▶ _DATA SHOWN_
#####

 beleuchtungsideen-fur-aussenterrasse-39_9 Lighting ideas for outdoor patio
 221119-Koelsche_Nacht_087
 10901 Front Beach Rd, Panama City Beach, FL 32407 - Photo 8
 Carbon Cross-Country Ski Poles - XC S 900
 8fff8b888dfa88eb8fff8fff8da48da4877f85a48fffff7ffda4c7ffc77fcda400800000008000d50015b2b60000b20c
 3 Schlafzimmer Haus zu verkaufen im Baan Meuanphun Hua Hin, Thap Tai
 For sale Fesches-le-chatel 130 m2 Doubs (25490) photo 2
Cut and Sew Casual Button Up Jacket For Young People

#####

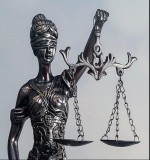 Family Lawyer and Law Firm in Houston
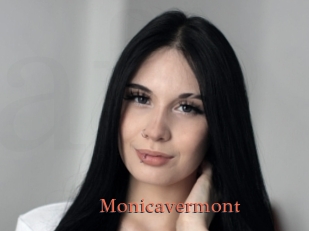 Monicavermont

#####

▶ _WHAT TO PRODUCE_
Out of the listing above, reproduce exactly the lines from the one with "beleuchtungsideen-fur-aussenterrasse-39_9 Lighting ideas" up to and including the one with "Cut and Sew".

▶ _FINISHED TASK_
 beleuchtungsideen-fur-aussenterrasse-39_9 Lighting ideas for outdoor patio
 221119-Koelsche_Nacht_087
 10901 Front Beach Rd, Panama City Beach, FL 32407 - Photo 8
 Carbon Cross-Country Ski Poles - XC S 900
 8fff8b888dfa88eb8fff8fff8da48da4877f85a48fffff7ffda4c7ffc77fcda400800000008000d50015b2b60000b20c
 3 Schlafzimmer Haus zu verkaufen im Baan Meuanphun Hua Hin, Thap Tai
 For sale Fesches-le-chatel 130 m2 Doubs (25490) photo 2
Cut and Sew Casual Button Up Jacket For Young People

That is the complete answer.